Saturday, August 15, 2020

East Persia

Inspired by Brown Pundits I am currently reading Richard Eaton's India in the Persianate Age. This is a history of the Indies 1000-1765, which we call "India" and which Hindu nationalists call "Bharat". I use the plural because the peninsula and the valleys north of it comprise a diverse place, more so in the Middle Ages. (I don't know if Razib has read this one yet but he does approve Eaton 1993 on Bengal... where he's from.)

Eaton doesn't like that we call this era "mediaeval". He also doesn't like that we call it "Islamic" nor even "Islamicate". I think he's a bit touchy on the former. But then, I'm of a sort that rather prefers mediaeval civilisation. Many Britons still live in a Protestant tradition, which tradition I have rejected.

Eaton is, I concede, in his rights to concentrate on a definition which makes the most sense of the time and place. As the title promises, he is here to explain "Islamic" rule in India as more Persian than anything else. Specifically: post-Samanid.

Over on our side of the Indus and Khyber, the ninth-century Samanids had revived the Middle Persian tradition, but in Arabic script and in Islamic(ate) culture. The book gets around to the Samanids in the conclusion to its first chapter, focusing on Bal'ami's adaptation of Ibn Jarir Tabari (already Iran-centric) and on Firdawsi's Shahnameh. Eaton could have added the Letter of Tansar but, perhaps, this had to be introduced to India later, through that later Tabarite Ibn Isfandiyar.

Eaton's book is a corrective to "Islamophobic" discourse in and around India. At the same time Eaton is not a smarmy apologist like Covey or Moller. As working in the postSamanid era, his book doesn't have to address the disaster of Umawi and early-'Abbasi rule up to 180 / 800. The Samanids had two centuries of Islam behind them to piece civilisation back together. Similar patterns would hold eastward.

In Samanid discourse, the caliph commands Muslim spiritual life and standardises the law. Command and law-enforcement are the domain of the sultan. The caliph - Eaton doesn't say, but I will - retains the role of the Nestorian catholicos.

To the extent Islam inflicted deleterious effect in India, it was in flattering bandit kings like the Ghaznavids: that when they plundered peaceful foreigners, the alien deserved it for his "infidelity". The Ghaznavids didn't at first try to rule India; they were using the land to fund their adventure against western lands, then occupied by the Seljuq Turks. (Timur Khan would do likewise.) The Ghaznavids lost and fled into India - there, basically going native and doing nothing to advance Islam there. The Ghurids in Central Asia, more successful there at first, eventually suffered the same fate and followed the Ghaznavids to India too.

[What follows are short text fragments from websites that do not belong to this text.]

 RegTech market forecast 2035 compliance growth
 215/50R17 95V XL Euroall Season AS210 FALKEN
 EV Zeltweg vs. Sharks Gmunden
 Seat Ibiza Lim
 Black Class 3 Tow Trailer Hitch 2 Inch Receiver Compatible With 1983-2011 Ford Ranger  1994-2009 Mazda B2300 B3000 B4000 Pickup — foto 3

One truly Islamic tradition which these dynasts brought was the Mamlûkate - the slave-soldiery, set to become sultans in their own right. One such (Turkish) slave was Iltutmish, whom Eaton credits with bringing Islam to the transIndian lands - at any rate, what the Samanids had labeled as "Islam". His reign and his successors coincided with the Choresmian and then Mongol invasions of south central Asia from the north. So waves of Iranians, Turks, and other mostly-Muslim refugees, often with a long literate tradition, flooded into the sultanate throughout the seventh / thirteenth century.

Because these Muslim migrants were intelligent and competent, and often under sultanate protection as property, thirteenth century Islamicate rule turned out well for their "free" Hindi subjects... for the most part, and at first. These Muslims quit playing the eldorado game in India, now keeping the silver in-house. Islam taught the rulers to rule, and to be in no hurry to proselytise. Thus they settled on their own language, which was Persian, leaving Sanskrit and the local prakrits to the Hindus.

Worst off in this regime were the Buddhists, who had already lost the support of the people and were now - as landlords and (functional) atheists - a fat target for revenue-hungry Muslims. I suspect similar for what few Nestorians had reached this far: I mean, if the sultan already had a faraway papacy in the Baghdad caliph; what point in another, Christian one?

Also the Muslims could not avoid that good shahs and rajas were bad Muslims. Any given sultan's Muslim advisors are recorded as complaining bitterly that (per Barani) the sultan had allowed so many pagans (=Hindus) to become wealthy and powerful whilst coreligionists were left a-begging at the gates. Thus the Unprincipled Exception, that hypocrisy which alloweth diverse peoples to coexist. Some sultans, indeed, made effort to rule Islamically. `Alâ'd-dîn Khalaji was a case in point: banning alcohol and private charities, and jacking up the land-tax. His régime didn't long survive the man. But others' would.